Brown spent most of his life in Orkney and wrote primarily for and about the islands. His breakthrough novel Greenvoe (1972) depicts the destruction of a traditional community by a sinister modern project, reflecting Brown’s scepticism towards ideas of ‘progress’ that undermine human values.

For him, island life was not a limitation but a lens through which all of humanity could be viewed. ‘There are stories in the air here’, he wrote. ‘If I lived to be 500, there would still be more to write.’

An important influence on Brown was his time at Newbattle Abbey College near Edinburgh, where he was mentored by the poet Edwin Muir, a key figure in the Scottish Renaissance.

Like Muir, Brown believed that the Reformation, specifically Calvinism, had impoverished Scottish culture. In an early poem, he lamented ‘the Knox-ruined nation, / that poet and saint / must rebuild with passion’.

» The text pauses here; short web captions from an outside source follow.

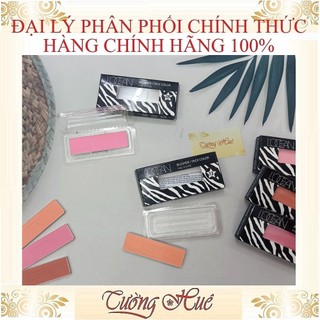 Vỉ phấn má hồng l'ocean blusher/face color - 3.5g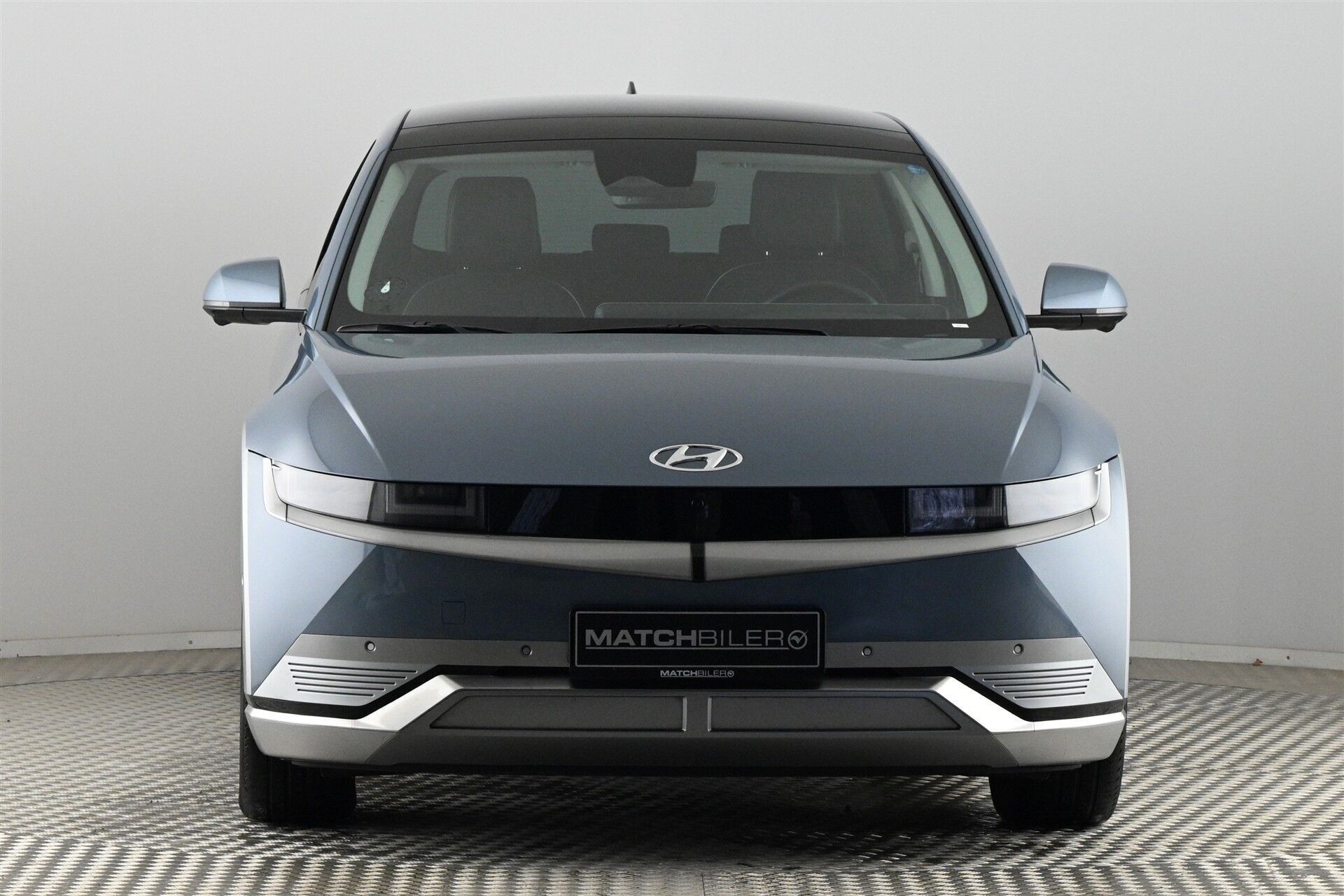 Hyundai Ioniq 5 Electric 77,4 kWh Ultimate 4WD 325HK 5d Aut.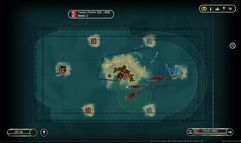 Battlestations: Pacific screenshot 13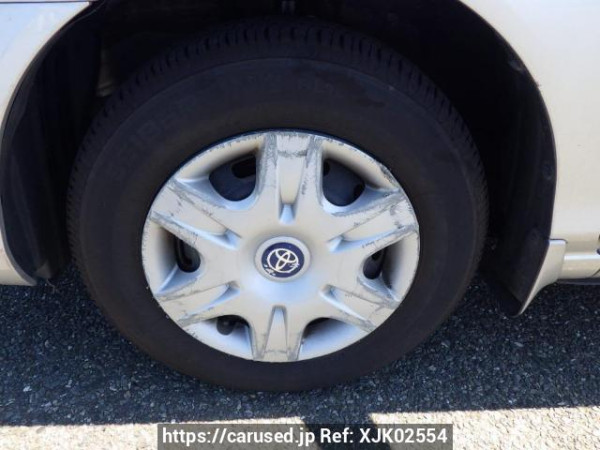 Used 2005 AT toyota premio ZZT240 Image[29]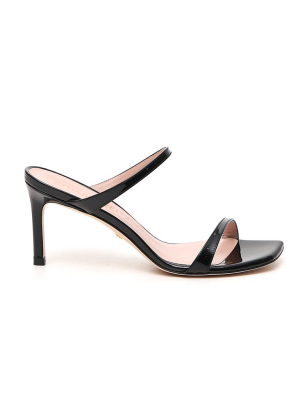 Stuart Weitzman Aleena 75 Sandals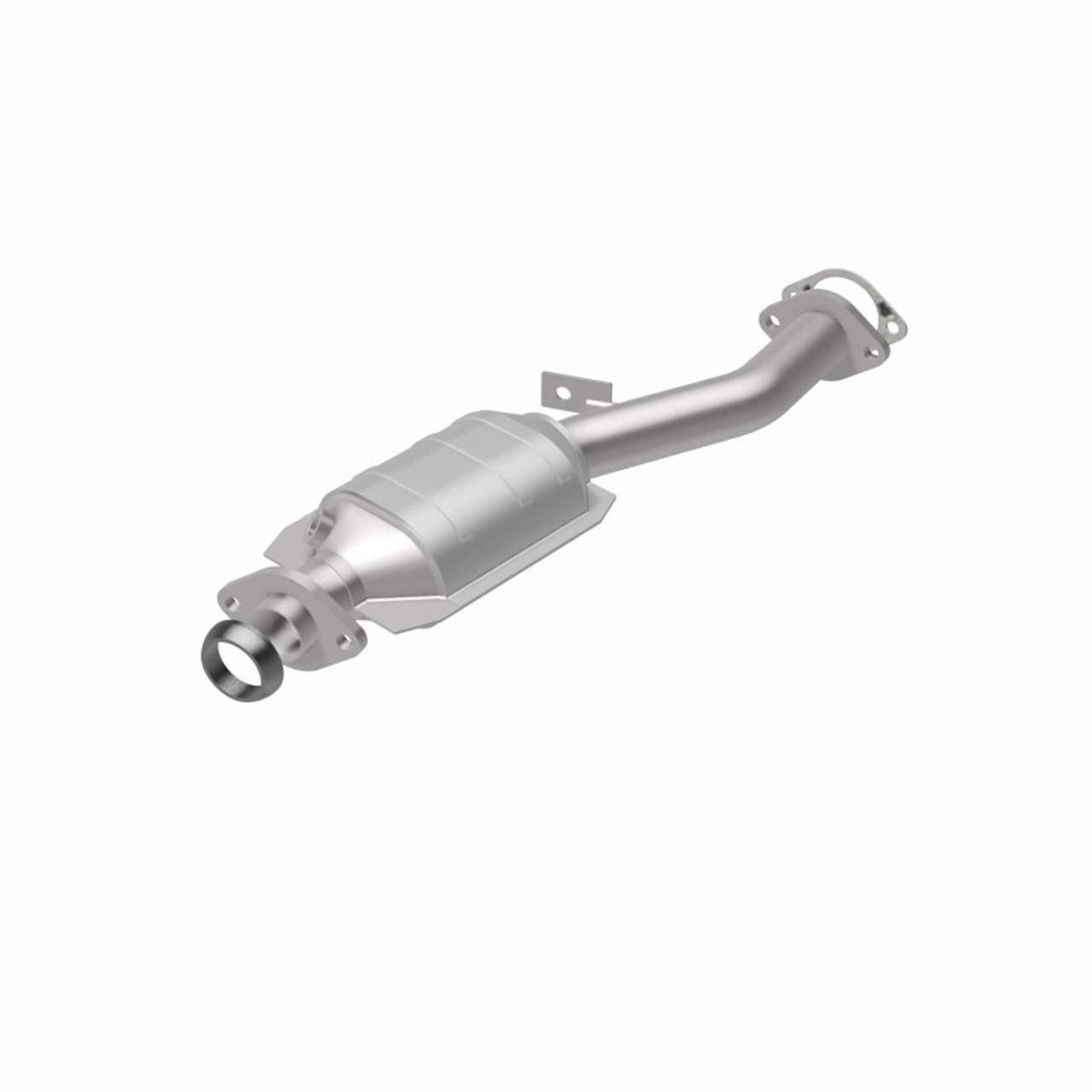 MagnaFlow Conv DF 95- 96 Impreza 2.2L Rear - 51113
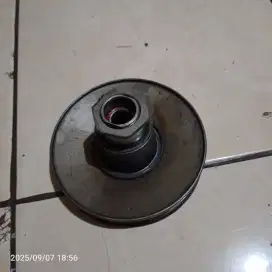 Puly belakang beat karbu copotan 250k net.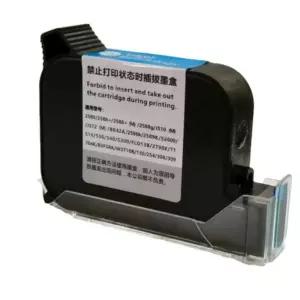 ZM930 ZM630 잉크 핸드 마킹기 6색 블랙 카트리지 프린터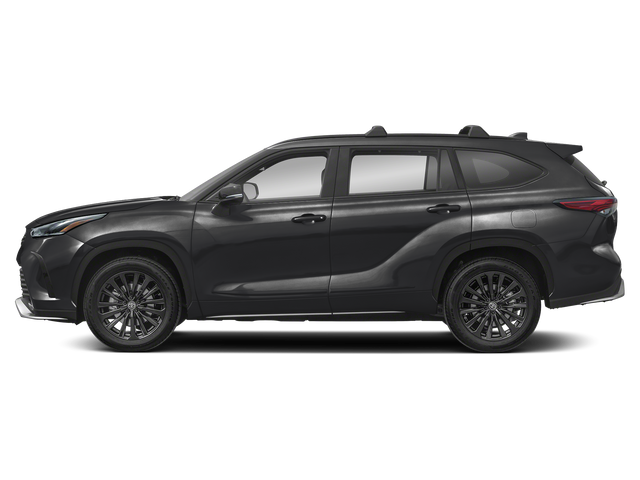 2025 Toyota Highlander XSE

Although raised Presbyterian, Brown gradually found his way to the Catholic Church. As early as the 1940s, he was fascinated by the Catholic prisoners of war who built Orkney’s charming Italian Chapel.

Reading St John Henry Newman’s Apologia Pro Vita Sua proved decisive. After years of reflection, and following further study at the University of Edinburgh, Brown was received into the Catholic Church in 1961.

Catholicism became central to Brown’s imagination. His writing is permeated by a sacramental worldview, where everyday actions participate in the sacred. Agriculture, fishing, birth, death and the cycle of seasons all point to spiritual realities.

Influenced by the Gospels and by Gerard Manley Hopkins, Brown saw the Eucharist as the centre of everything. In his novel Magnus (1973), the Mass is described as happening both in time and beyond it, gathering all of history into itself.

Requiem

George Mackay Brown died in 1996 after a long illness. His Requiem Mass in St Magnus Cathedral represents both the culmination of a personal faith journey and a wider recovery of Scotland’s Catholic heritage. His work continues to be discovered, quoted and set to music.

Brown once wrote that the poet’s task is to ‘carve the runes / then be content with silence’.

Thirty years after his death, the runes still speak.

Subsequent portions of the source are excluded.